La crise du coronavirus a reporté de nombreux projets d'enfants, une grossesse en temps de pandémie étant perçue par beaucoup comme anxiogène. Mais, pour d'autres couples, pas question de patienter plus longtemps.
Et chez les couples infertiles, la solution réside souvent dans le don de sperme. On estime qu'entre 30.000 et 60.000 enfants naissent chaque année d'un don de sperme aux États-Unis, rapporte le New York Times. Environ 20% des clients de banques de sperme sont des couples hétérosexuels infertiles ou non, 60% sont des lesbiennes et 20% des femmes seules.
Mais avec la crise du coronavirus, le nombre de donneurs s'est tari, et les cliniques et banques de sperme se retrouvent en pénurie, alors que la demande reste élevée. «Nous avons d'habitude 180 donneurs, témoigne dans le New York Times Angelo Allard, le superviseur de la banque de sperme de Seattle. Aujourd'hui on tourne plutôt autour de 80.»
Une autre raison de cette pénurie est la régulation très stricte qui entoure le don de sperme. La plupart des banques limitent le nombre de procréation avec un même donneur à 25 ou 30 pour prévenir une trop grande diffusion génétique. Les donneurs doivent en outre se soumettre à un test sanguin chaque fois que leur sperme est utilisé.
Certains «recruteurs» en sont réduits à poser des affichettes sur des parcours de santé extérieurs, alors que les clubs de gym sont fermés. D'autres comptent offrir des «bonus» en cash pour attirer les candidats.
Si certains pays comme l'Angleterre ou la France interdisent la rémunération des donneurs, il n'existe pas de limite financière aux États-Unis, où un donneur peut gagner jusqu'à 4.000 dollars en quelques mois.
Cependant, il ne s'agit pas de rémunération à proprement parler (le commerce de sperme comme celui des organes est interdit), mais d'une «compensation» pour le temps et le déplacement.
Marketplace
Pour ne rien arranger, les donneurs s'adressent maintenant directement à leurs clients sans passer par l'intermédiaire des banques de sperme, au travers de groupes Facebook ou de rencontres avec les futures mères dans un appartement cosy Airbnb.
Un des donneurs interrogé par le New York Times explique ainsi qu'il trouve les banques de sperme «trop cliniques et trop froides» et qu'il préfère avoir un rapport direct avec le receveur «pour être sûr que l'enfant sera bien élevé».
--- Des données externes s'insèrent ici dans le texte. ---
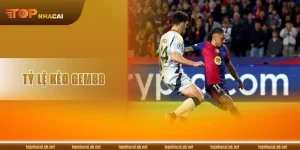 Tỷ Lệ Kèo GEM88: Giải Mã Các Tỷ Lệ Phổ Biến Cho Tân Thủ
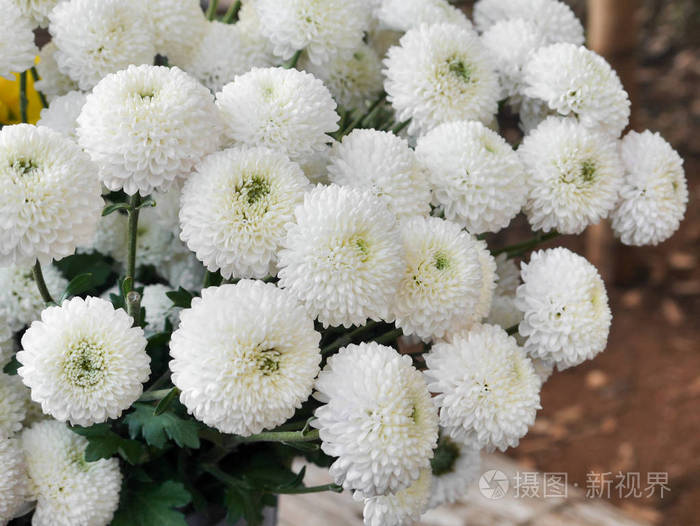 白菊是泰国清迈山上的一束鲜花。
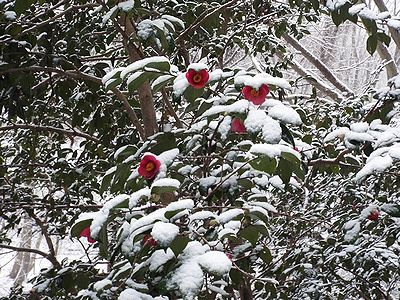 写真:常緑の葉と真っ赤な椿の花に白い雪が映えている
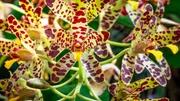 In tropischen Regenw&auml;ldern wachsen auch viele Orchideen, wie diese Ansellia africana.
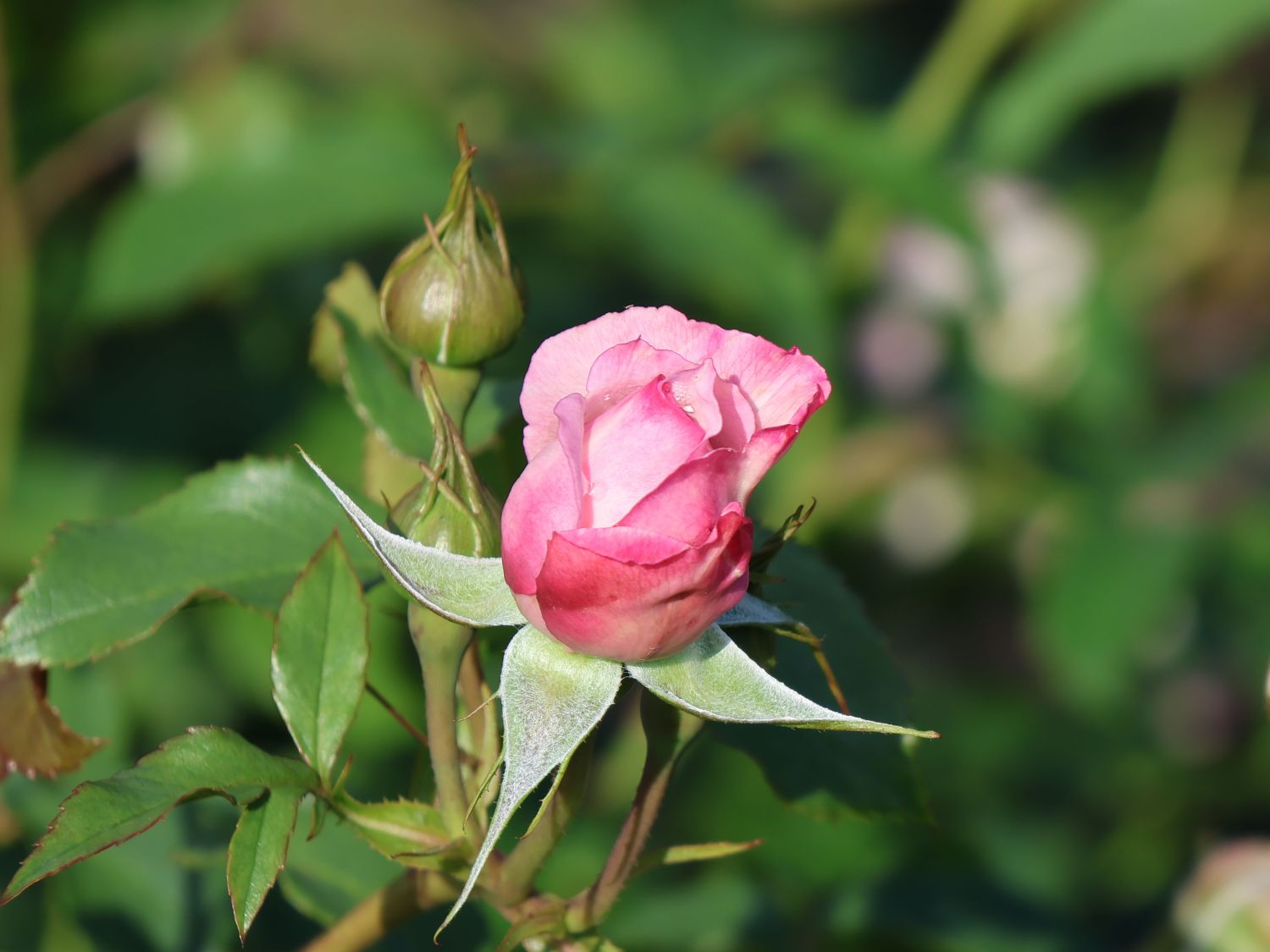 Englische Rose 'The Mill on the Floss' - Rosa 'The Mill on the Floss'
Ce marché parallèle alimente des pratiques parfois limites. Certains n'hésitent pas à se mettre en avant sur les réseaux sociaux, vantant leurs qualités sportives, leur talent aux échecs ou leurs facultés intellectuelles.
Certains donneurs proposent uniquement leurs services par insémination «naturelle» (c'est-à-dire par un rapport sexuel direct), une pratique à la limite de la prostitution. Ce rapport direct entre donneur et receveur soulève aussi la question juridique de la responsabilité parentale du père.
Le succès de ces groupes Facebook traduit en tous cas une nouvelle tendance que la pandémie aura, là encore, accélérée. À l'instar des restaurants ou de compagnies aériennes, les banques de sperme risquent de voir leur activité durablement réduite.